Dans le poème Tête haute, Tranströmer affirme, sans ambages, que "la rhétorique n'a rien à faire ici". Plus loin, il précise ce qu'il faut à sa poésie : "Pas des mots, mais un langage". On ne trouvera pas ici, en effet, de mots ronflants ou rares, d'hermétisme ou de préciosité. Mais un effort beaucoup plus profond et plus aigu pour traduire la "Grande énigme" du rapport au monde, effort qui passe ici par un subtil dosage entre prosaïsme et onirisme. Cette poésie est ainsi profondément ancrée dans le réel - parfois dans l'actualité la plus contemporaine - cite les dates et les lieux, et ose même la trivialité lorsqu'elle convoque les lignes à haute tension, les remorqueurs ou le bruit des moteurs. Tranströmer n'élude pas le contact avec la réalité, aussi abrupte soit-elle, mais il opère ensuite un glissement vers cette "autre chose" que le poète lui-même ne peut nommer plus précisément. Il ne peut que l'évoquer, comme dans le début si saisissant à cet égard du poème "Plaine en été" :
Nous en avons tant vu.
La réalité nous a tant usés,
mais voici qu'enfin l'été arrive.
On pense ici au haïku, et Tranströmer, par ailleurs, en composa de nombreux. Mais même quand il est plus prolixe, ou quand il rédige des poèmes en prose, la comparaison avec l'art du haïku vient à l'esprit. Pas toujours par la forme, donc, mais surtout par la sobriété lumineuse de l'écriture de Tranströmer, son époustouflante économie de moyens, son attitude contemplative, son regard méditatif qui scrute l'univers sans chercher à en résoudre le mystère, mais seulement à en prendre acte et à le faire ressentir à ses lecteurs : "une exhortation à ouvrir les yeux" (Espresso, p.97).
Mais le regard du poète sait aussi scruter au plus profond de lui-même. Son lyrisme se fait volontiers introspectif. Tranströmer cherche l'apaisement, le répit - et il le trouve parfois, dans la communion avec le monde :
Je suis sous les étoiles
et sens que le monde entre
et ressort de mon manteau
comme d'une fourmilière.
(Les formules de l'hiver, p.122)
même si son extrême lucidité lui interdit de s'illusionner :
La mort, cette tache de naissance, poussait plus ou moins vite chez chacun d'entre nous. (Montagnes noires, p.232)

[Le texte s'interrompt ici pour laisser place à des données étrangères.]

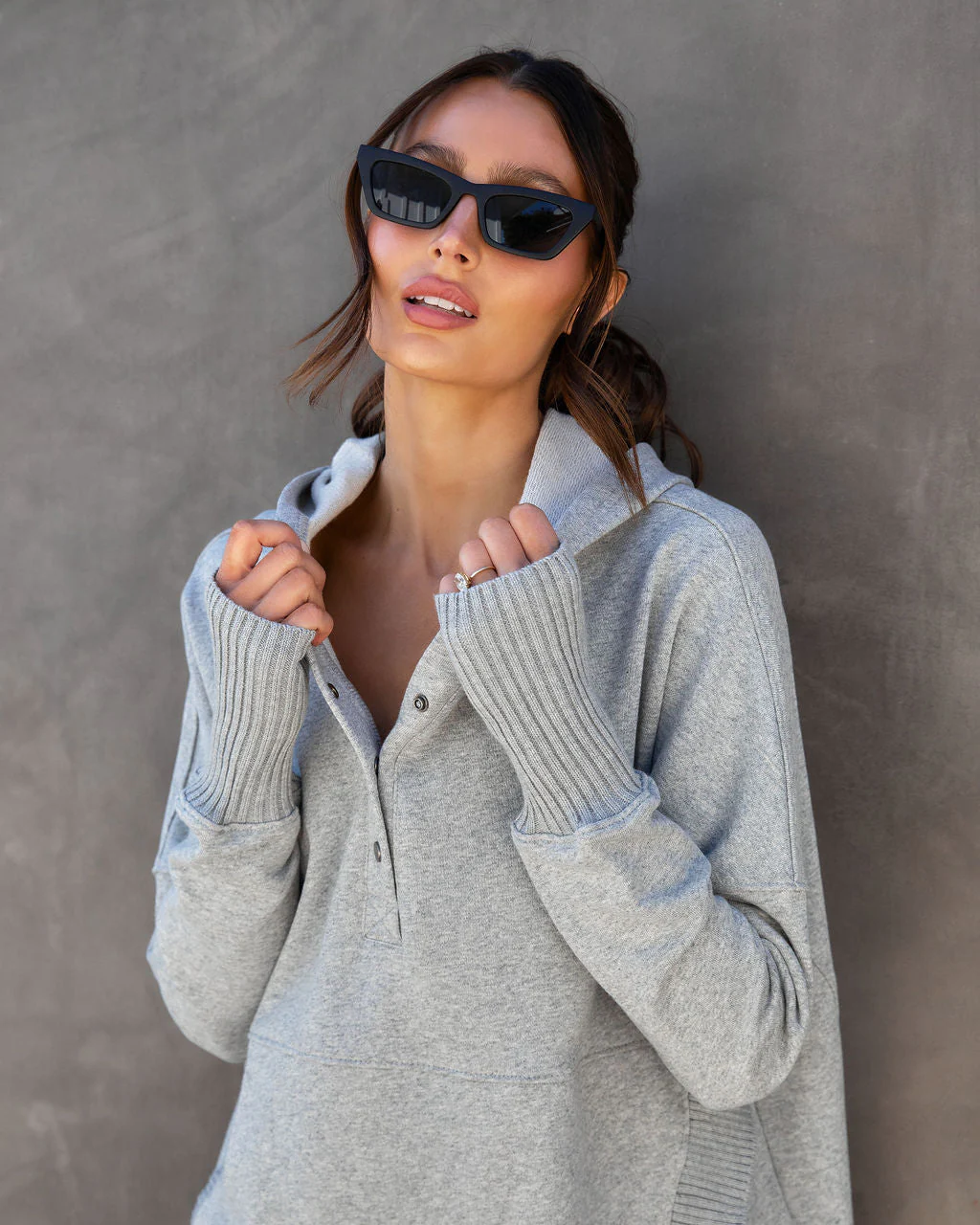 Mindful Cotton Pocketed Henley Hoodie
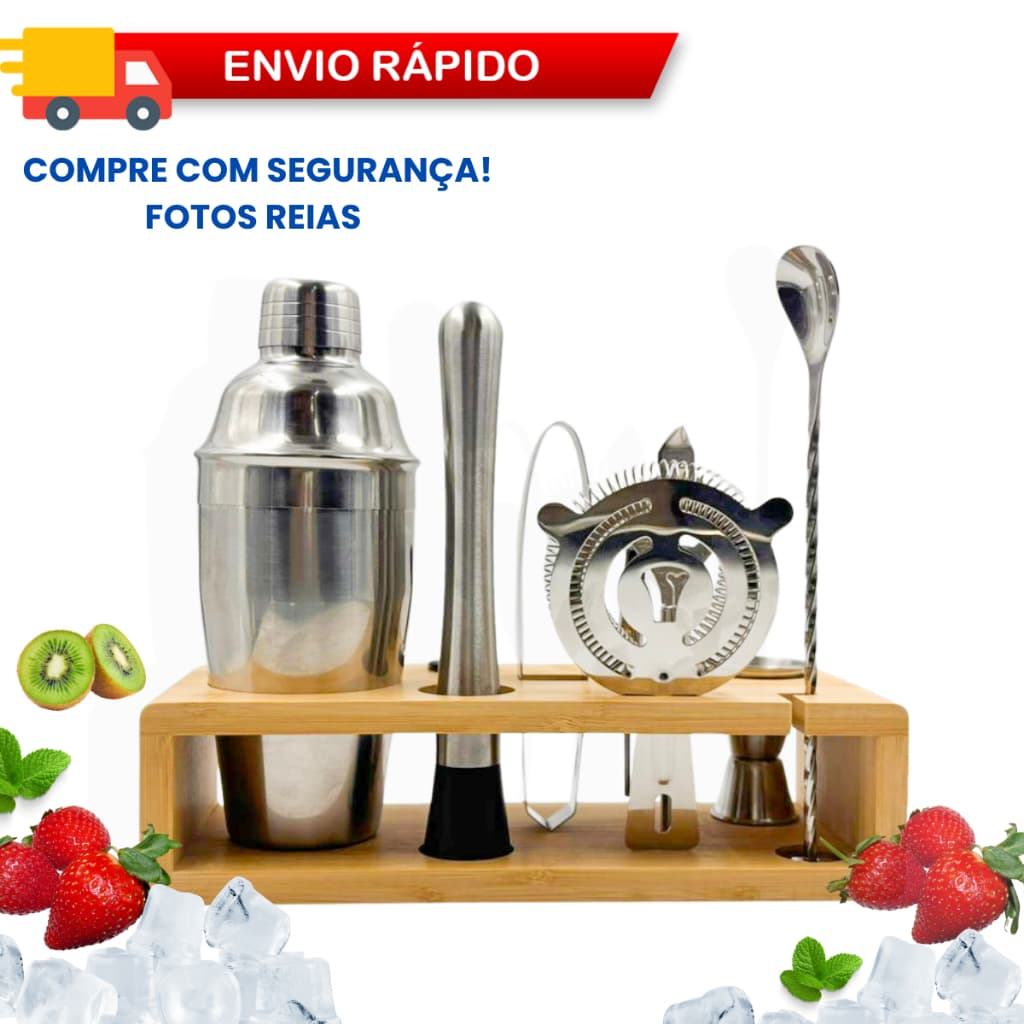 Kit Bartender Coqueteleira Profissional 9 Peças Marrom Para Fazer Drinks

(C'est le moment de préciser que le recueil fourmille de métaphores aussi éblouissantes que celles-ci, d'éclairs fulgurants, d'une force et d'un évidence rares.)
D'hyper-lucide, Tranströmer devient volontiers extralucide lorsqu'il transcende les frontières spatiales et temporelles, passant de Gotland à Izmir, de Funchal à New York, se projetant dans des époques révolues, faisant intervenir Grieg, Gide ou Liszt. Ailleurs, il conversera avec les morts et les souvenirs, quittera sa chambre pour survoler soudain la campagne environnante, séjournera un instant "sous la voûte terrestre".

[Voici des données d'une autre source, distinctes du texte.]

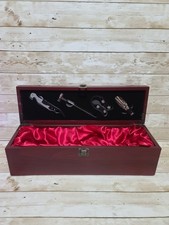 Vintage Wine Gifts UK Wooden Wine Box 4pc Wine Tool Set Gift Case Slight Fault 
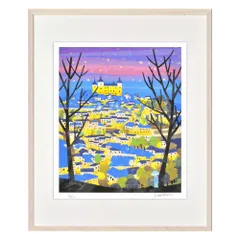 Hari Tatsuo 風景画 「城と湖」 シリアルNo.14/300 はりたつお「城と湖」 | ユーパワー オンラインショップ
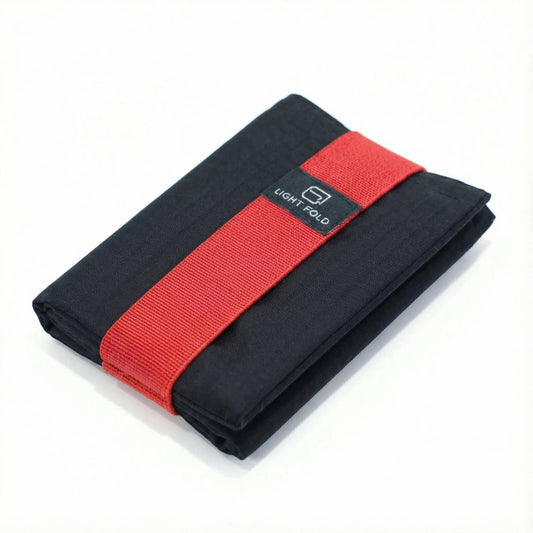 LIGHT FOLD Wallet Black with red elastic strap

"Poète voyant", donc, Tranströmer ? Assurément, mais plus encore : sa quête d'un langage propre à retranscrire l'intensité de l'instant et l'expérience du mystère, par l'ancrage dans le réel et l'ouverture vers le rêve, par son lyrisme sobre et inquiet, par son prodigieux sens de l'image, en font un poète essentiel.